En attendant, dans notre chronologie, on est encore en juillet 2001 : elle est prête, en avance même, elle montre sa toute première collection, mais n’a pas les moyens de défiler, juste d’exposer au musée Galliera les photos  » très belles  » de Michelangelo di Battista avec la Belge Guinevere en mannequin dessillante. Elle s’en souvient  » comme si c’était hier « , s’amuse de sa naïveté folle,  » je n’avais pas réalisé que je devais enchaîner avec la collection suivante « , sait aussi qu’elle a eu beaucoup de chance,  » si je l’avais montrée en octobre, après le 11 septembre, il n’y aurait pas eu de deuxième collection « . Et puisqu’il a fallu enchaîner, elle le fait, emportée par son élan poétique qui lui fait revisiter une robe-pantalon, un costard, une veste militaire, un jupon.
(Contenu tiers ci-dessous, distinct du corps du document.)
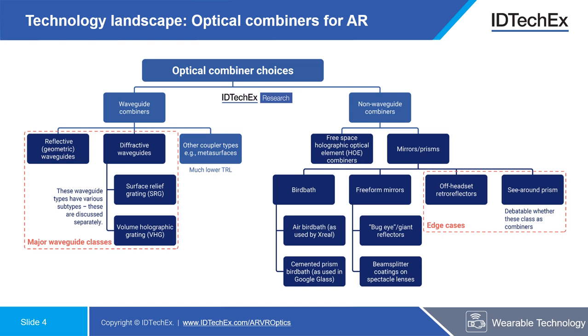On the other hand, non-waveguide combiners don't use this coupling through a transparent substrate, but some sub-technologies here — particularly those based on free-space holographic optical element combiners and in some cases free-form mirrors — can also be made to look surprisingly similar to spectacle lenses. Birdbath combiners are also a particularly important technology in this category, finding use in many low-cost headsets. A substantial amount of discussion in the report is dedicated to the choice between waveguide and non-waveguide combiners and the potential winning technologies.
Elle remporte le prix de l’Association nationale de développement pour les arts de la mode (ANDAM, 2003), connaît une année de grand bonheur (2005), celle de son mariage avec un importateur de viande bovine, elle qui n’en mange pas,  » c’est un terrien qui a épousé une extraterrestre « . Suite logique : deux bébés, Elise (2006) et Tal (2007), plus de féminité, un déménagement avec installation à l’hôtel Marguery, un livre pour clore le chapitre avec Lou Lisa Lesage, la naissance de sa ligne AVH Mademoiselle, pour fillette (2008),  » des répétitions des classiques qui ont existé chez Anne Valérie Hash, c’est doux à faire, c’est simple, ce n’est que du plaisir « , l’insigne de Chevalier des arts et des lettres (2009) et depuis l’été dernier, une deuxième ligne, AVH by Anne Valérie Hash, qui va droit au but.

UN PRÉSENT

Anne Valérie Hash convoque les poètes du métier, Yohji Yamamoto et Azzedine Alaïa, rappelle combien elle reste très attachée à la coupe,  » au millimètre près « , sent qu’elle est  » en chemin  » et qu’elle n’est plus pressée par le temps, dix ans de mode, cela finit par compter. Elle précise que le star-system la saoule, qu’elle n’est pas Donatella Versace, on l’avait remarqué, qu’elle déteste  » la mode sexy, les robes Marilyn, bustier-corps-taille serrés hanches marquées, j’ai horreur d’être moulée « . Pareil dans ses collections, Femme ou Enfant, elle ne veut pas que l’on marque la taille, elle ne transigera pas –  » même quand c’est tricoté, c’est tricoté droit « . Elle concède :  » Il a fallu que j’aie plus confiance en moi pour commencer à alléger le discours, la coupe et les couleurs, les tonalités… Je me souviens, au début, tout était très noir, très épais, construit, camisole, protecteur, et avec le temps, pff, on lâche.  » Pas plus tard qu’hier, Anne Valérie Hash, créatrice désormais solaire, est tombée par hasard sur un jeu de tarot. Sur une carte, une femme très belle dans un immense manteau de fourrure et une autre, tout simplement allongée sur un divan – elle mime la posture, comme en apesanteur -, l’été sera léger.